Detailed Description

The technical scheme of the invention is further explained in detail by combining the drawings in the specification.

step 1, introducing a reverse convolution structure into an SSD algorithm, fusing a low-resolution high-semantic information feature map and a high-resolution low-semantic information feature map by adopting reverse convolution, and increasing the feature extraction capability of a low layer in a network.

The step 1 specifically comprises the following steps:

firstly, inputting image data into an SSD network for extracting image features, and selecting four feature maps with different resolutions in a network structure.

And 2, obtaining coarse-grained candidate frame information through an RPN, adding a binary classification judgment after a candidate frame is generated in a basic feature layer, and then further regressing through a conventional regression branch to obtain more accurate detection frame information.

The step 2 is specifically as follows:

And 3, corresponding the candidate frames on different scales screened in the step 2 with the fusion layer generated in the step 1 after the features on different scales are fused, then, amplifying or reducing all the feature map areas corresponding to the candidate frames to a fixed size through ROIPooling operation, and realizing partial shielding of the features by adding shielding masks on the feature maps so as to achieve the effect of resisting learning.

The step 3 specifically comprises the following steps:

firstly, the four layers of fusion layers with different resolutions obtained in the step 1 correspond to the positive and negative sample candidate frames on the feature map with different resolutions obtained in the step 2.

And then, carrying out ROIPooling operation on the four fusion layers with different resolutions, and scaling the feature map size corresponding to the candidate frame to a uniform size.

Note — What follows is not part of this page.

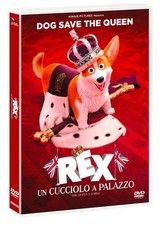 Rex - Un Cucciolo A Palazzo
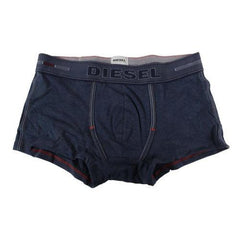 Dark Blue L Diesel Mens Boxer Trunk UMBX-HERO 00SJ54 0SAIN 81E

And 4, enabling the feature map shielded by the shielding mask to go back and forth to a detection frame and a category through two full connection layers and a Softmax classifier, and specifically, screening a Non-maximum suppression (NMS) and a confidence threshold value through a Non-maximum value to obtain a final predicted category, probability and positioning result.

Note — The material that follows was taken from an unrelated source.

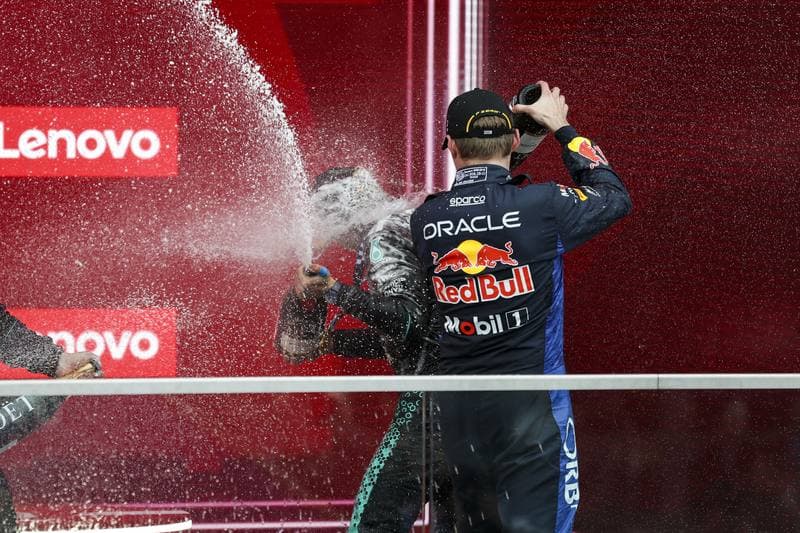 Motorsport. Formula 1. Canadian Grand Prix. 24.05.2026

The above description is only a preferred embodiment of the present invention, and the scope of the present invention is not limited to the above embodiment, but equivalent modifications or changes made by those skilled in the art according to the present disclosure should be included in the scope of the present invention as set forth in the appended claims.

Claims

1. A target detection method based on end-to-end deep network and antagonistic learning is characterized in that: comprises the following steps:

the step 2 is specifically as follows:

for the feature maps with four different resolutions generated in the step 1, generating candidate frames with different sizes on the four feature maps, removing partial negative samples according to the IOU between the candidate frames and the target real frame, and finally obtaining two branches based on the 4-layer features, wherein one branch is a coordinate regression branch of the candidate frame, and the other branch is a classification branch of the candidate frame;

the step 3 specifically comprises the following steps:

firstly, corresponding four layers of fusion layers with different resolutions obtained in the step 1 with positive and negative sample candidate frames on feature maps with different resolutions obtained in the step 2;

then, a mask is generated through the full connection layer, and the parts of the characteristic diagram which should be shielded are determined, so that the generated difficult sample is misjudged by a detector, and the mask can be automatically adjusted according to a loss function;

2. The method of claim 1, wherein the method comprises the following steps: the step 1 specifically comprises the following steps:

3. The method of claim 1, wherein the method comprises the following steps: and 4, enabling the feature map shielded by the shielding mask to go back and forth to a detection frame and a category through two full connection layers and a Softmax classifier, and specifically, screening a Non-maximum suppression threshold and a confidence threshold to obtain a final predicted category, probability and positioning result.